(ORDO NEWS) — It turns out that not only people change vocabulary depending on the social environment. This probably occurs among orangutans as well. Orangutans are quick to pick up new sounds, like teenage humans hanging out with new company.
In a new study published in the journal Nature Ecology and Evolution , scientists observed 70 orangutans from six populations in Borneo and Sumatra in Southeast Asia.
Observation of interactions between animals and analysis of recordings of their vocalizations showed that in dense populations there were more experiments with vocabulary and diversity. Orangutans used a wide range of original calls mixed with new sounds.
On the other hand, small and dispersed populations were less likely to make new sounds, but as a rule, if new sounds appeared, they quickly took root and remained for a long time.
It turned out that in loose groups the vocabulary was wider, since in large populations new sounds, although they sounded more often, were quickly forgotten.

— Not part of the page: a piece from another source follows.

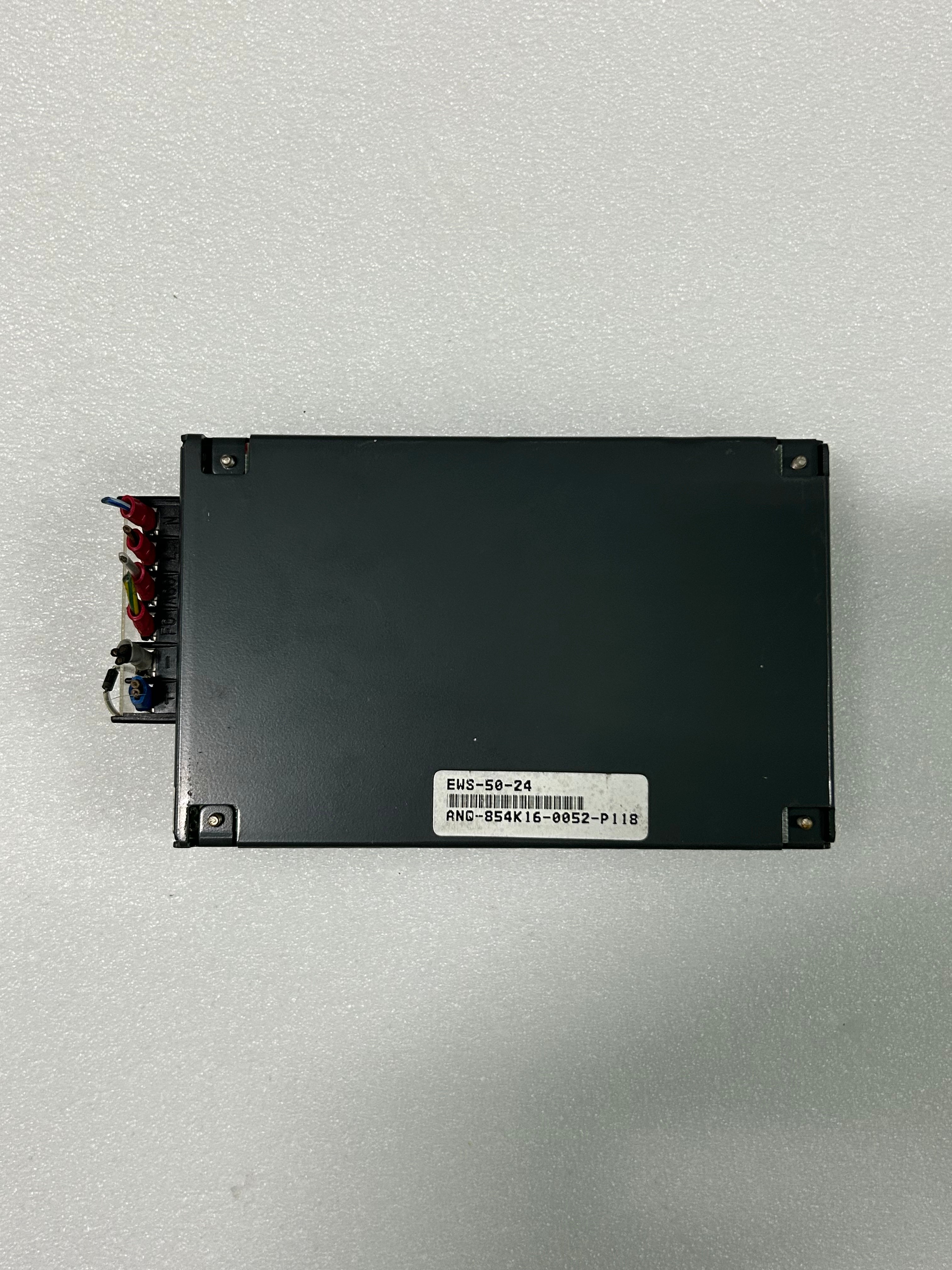 NEMIC-LAMBDA EWS50-24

It is believed that social influence is one of the means of agreeing on a fixed standard of communication within a population. So speech norms become “norms”.
Therefore, establishing at what point in human evolutionary history primates began to pay attention to and be influenced by the vocalizations of other primates is an important step in understanding how language began.
Scientists have concluded that orangutans display “vocal personalities”. These “personalities”, like the personalities of people, are formed and changed under the influence of other orangutans.
“We can now begin to imagine the gradual path that likely led to the emergence of the talking ape, us, rather than attributing our unique verbal skills and advanced cognition to divine intervention or a random genetic jackpot,” the researchers write.